Task directions: There is a line below that contains "EUC Nautica‎ Full". Please reproduce it and all following lines exactly, through the final one.

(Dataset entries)
☆ ☆ ☆

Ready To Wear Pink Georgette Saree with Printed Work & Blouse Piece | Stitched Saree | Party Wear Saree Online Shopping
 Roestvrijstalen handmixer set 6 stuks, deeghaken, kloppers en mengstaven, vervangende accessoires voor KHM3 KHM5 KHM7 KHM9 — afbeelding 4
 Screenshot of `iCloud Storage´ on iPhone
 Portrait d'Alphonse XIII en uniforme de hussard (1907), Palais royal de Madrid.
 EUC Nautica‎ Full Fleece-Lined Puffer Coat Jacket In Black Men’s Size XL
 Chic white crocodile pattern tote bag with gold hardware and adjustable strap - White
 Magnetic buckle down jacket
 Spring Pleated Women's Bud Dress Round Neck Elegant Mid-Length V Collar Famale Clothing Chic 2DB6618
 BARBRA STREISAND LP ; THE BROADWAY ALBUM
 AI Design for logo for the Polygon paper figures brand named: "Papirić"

☆ ☆ ☆

Written response:
 EUC Nautica‎ Full Fleece-Lined Puffer Coat Jacket In Black Men’s Size XL
 Chic white crocodile pattern tote bag with gold hardware and adjustable strap - White
 Magnetic buckle down jacket
 Spring Pleated Women's Bud Dress Round Neck Elegant Mid-Length V Collar Famale Clothing Chic 2DB6618
 BARBRA STREISAND LP ; THE BROADWAY ALBUM
 AI Design for logo for the Polygon paper figures brand named: "Papirić"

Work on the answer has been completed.